A literatura parece ser um espelho da sociedade, na medida em que reflete sua estrutura e organização. Alguns subgrupos sociais despontaram também na literatura, como grupos paralelos ao cânone principal. Com o intuito de fazer pronunciar sua voz na sociedade, surgiram então a literatura feminina e a literatura negra, que seguiram afastadas do cânone literário, assim como as minorias que as representam seguem afastadas do poder social. Isso se dá porque o cânone permanece, até hoje, intimamente vinculado ao poder. São muitos grupos e culturas em silêncio por séculos e que agora querem ser ouvidos.

Socialmente, a mulher tem sido a principal atuante no processo de revisão das normas canônicas. Sua luta chama a atenção dos novos críticos, que, utilizando argumentos como a discriminação das mulheres e das minorias étnicas, demonstram ser necessário rever o cânone e incorporar obras, autores e culturas antes esquecidas pela cultura dominante.

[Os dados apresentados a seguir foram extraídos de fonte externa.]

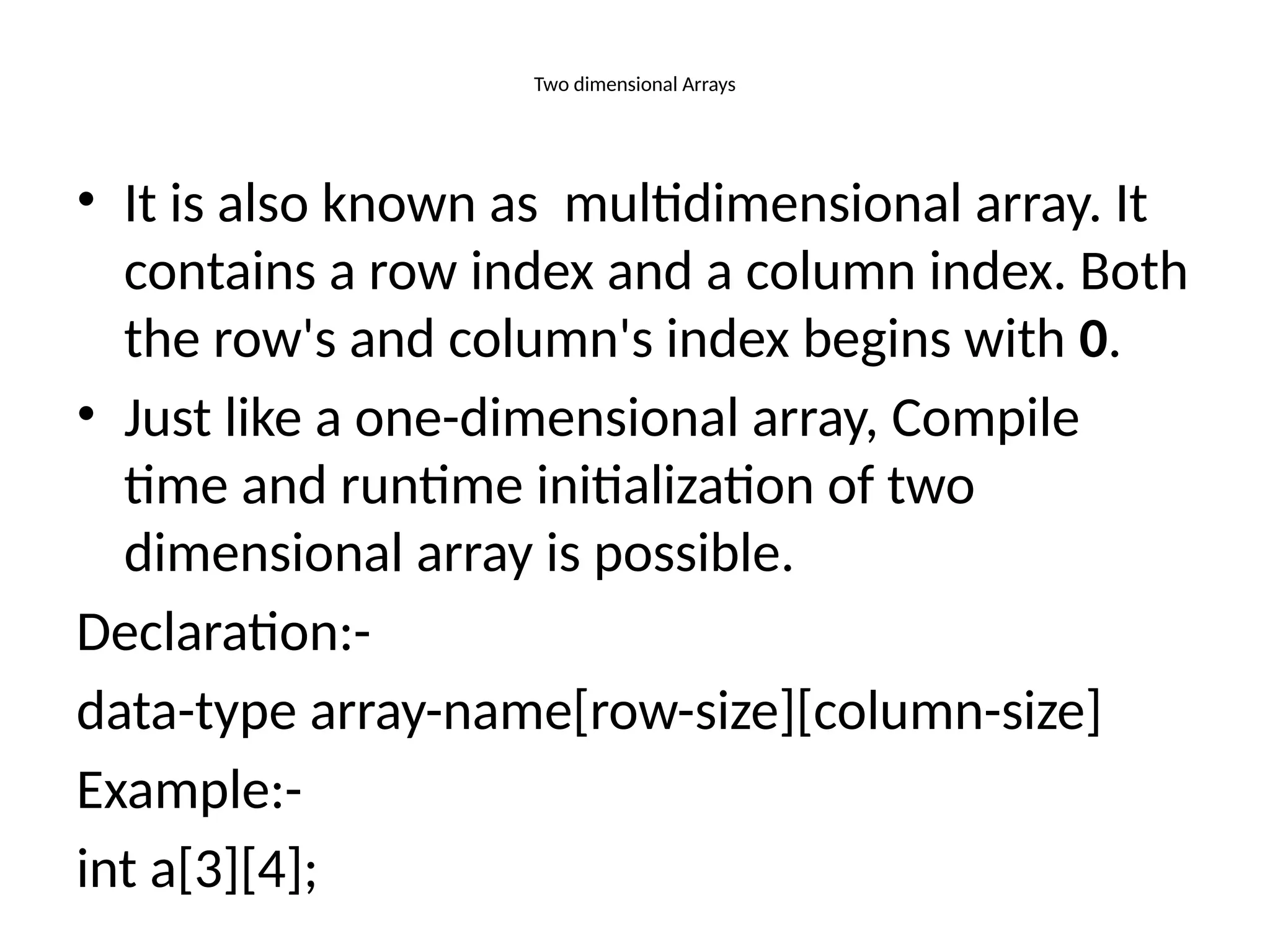 Two dimensional Arrays
• It is also known as multidimensional array. It
contains a row index and a column index. Both
the row's and column's index begins with 0.
• Just like a one-dimensional array, Compile
time and runtime initialization of two
dimensional array is possible.
Declaration:-
data-type array-name[row-size][column-size]
Example:-
int a[3][4];
 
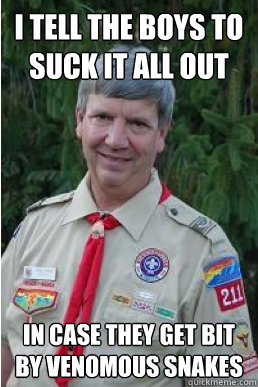 I tell the boys to suck it all out in case they get bit by venomous snakes  Harmless Scout Leader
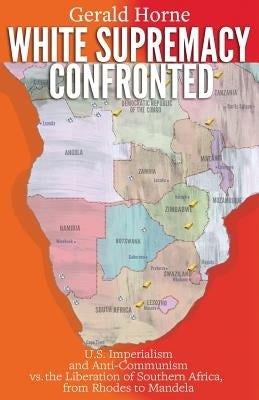 White Supremacy Confronted: U.S. Imperialism and Anti-Communisim vs. the Liberation of Southern Africa, from Rhodes to Mandela by Horne, Gerald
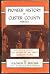 Pioneer History of Custer C...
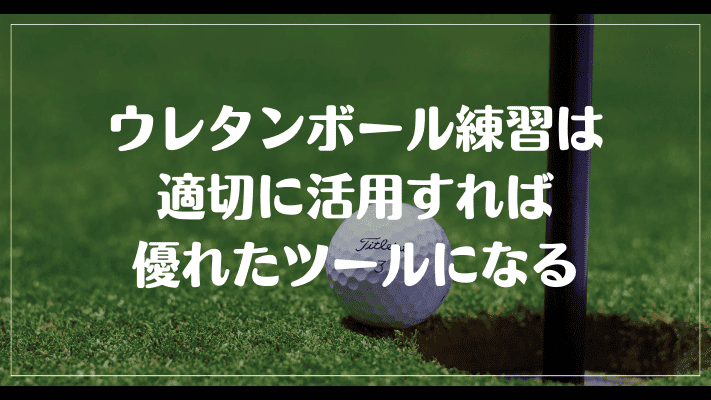 まとめ：ゴルフのウレタンボール練習は意味ないは嘘！適切に活用すれば優れたツールになる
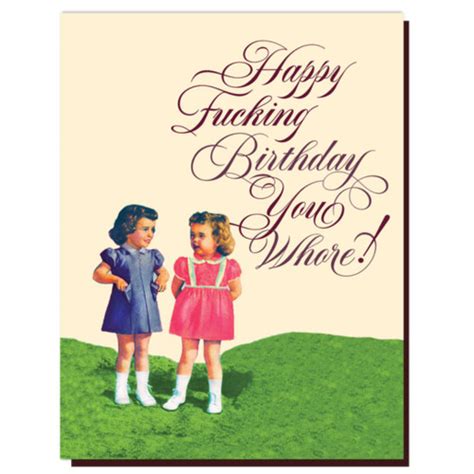 Happy Birthday You Whore Greeting Card Retrofestiveca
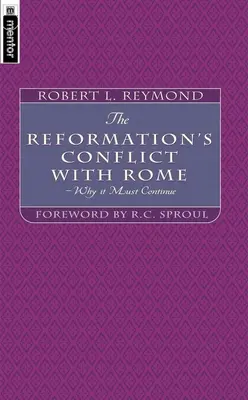 Conflictul Reformei cu Roma: De ce trebuie să continue - The Reformation's Conflict with Rome: Why It Must Continue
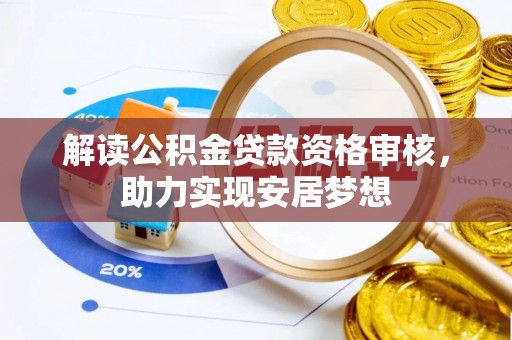 沿河解读公积金贷款资格审核，助力实现安居梦想
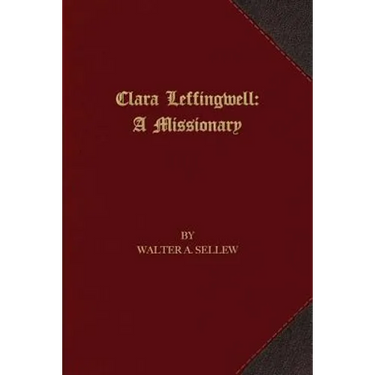 Clara Leffingwell: A Missionary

O melhor seria que essa ampliação do cânone considerasse a realização formal da obra e a capacidade de fazer-se compreender por outros povos, transpondo barreiras culturais, étnicas ou de gênero, pois limitar os textos a esses campos é restringir a literatura a um campo muito pequeno de visão, como aponta Constância Lima Duarte (1995, p. 23):

seria reduzir drasticamente a importância de Virgínia Woolf ou Clarice Lispector se considerássemos a literatura que produziram apenas como feminista, ou a de Lima Barreto como literatura negra, apenas porque os autores puseram em destaque uma luta específica.

Além disso, a existência de uma literatura feminina é discutida até hoje, o que faz necessário estabelecer outros parâmetros para a avaliação das obras.

Bibliografia

BRAVO, Rosa Maria Reyes. Identidad y subjetividad femenina. In: Mujer, creación y problemas de identidad en America Latina. Compilador: Roland Forgues. Merida: Editora de la Universidad de Los Andes, 1999.

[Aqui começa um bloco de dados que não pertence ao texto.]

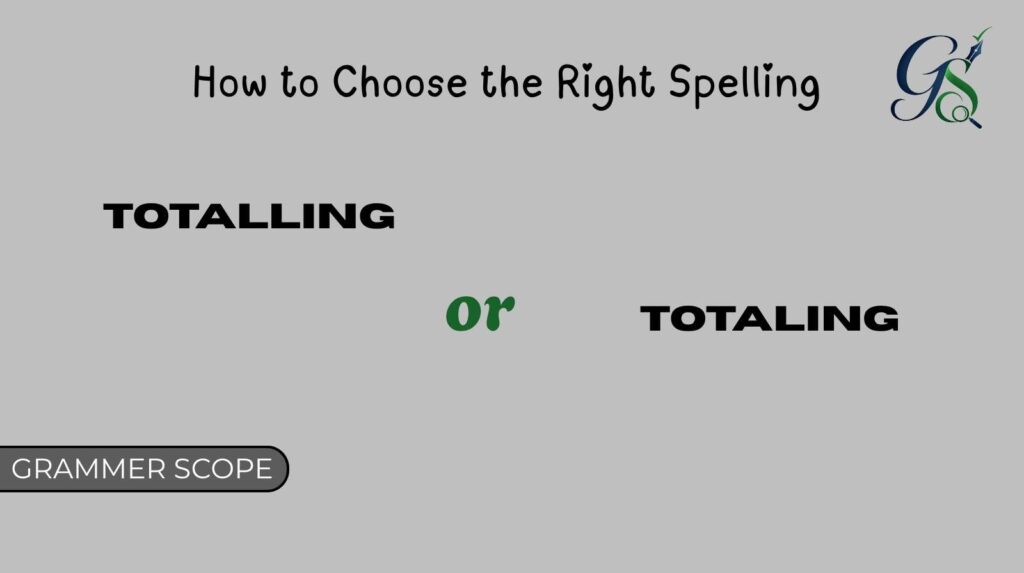 Totalling or Totaling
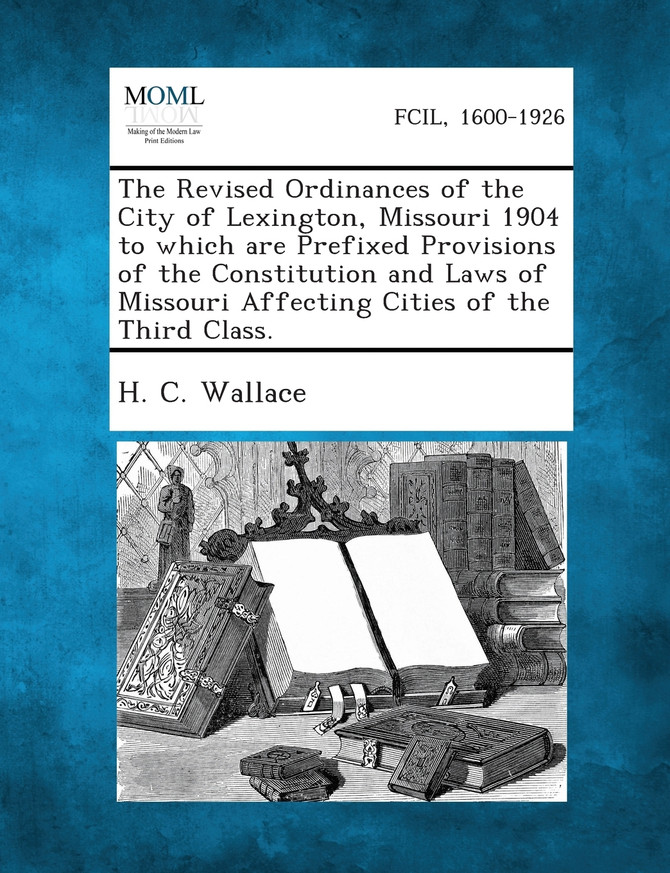 The Revised Ordinances of the City of Lexington, Missouri 1904 to Which Are Prefixed Provisions of the Constitution and Laws of Missouri Affecting Cit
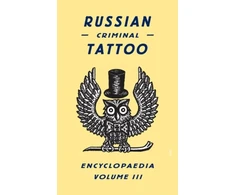 KNYGA Bookshop Russian Criminal Tattoo Encyclopaedia Volume III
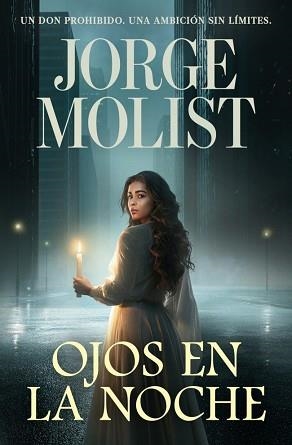 OJOS EN LA NOCHE | 9788466381499 | MOLIST, JORGE | Llibreria Geli - Llibreria Online de Girona - Comprar llibres en català i castellà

DUARTE, Constância Lima. Estudos de mulher e literatura: história e cânone literário. In: Anais do IV Seminário Nacional Mulher e Literatura. Rio de Janeiro: NIELM, 1996.

LOBO, Luiza. A literatura de autoria feminina na América Latina. Acesso em 21 de novembro de 2007.

PFEIFER, Erna. Estereótipos patriarcales y autoafirmación de la mujer en la literatura latinoamericana. In: Mujer, Creación y problemas de identidad en America Latina. Compilador: Roland Forgues. Merida: Editora de la Universidad de Los Andes, 1999.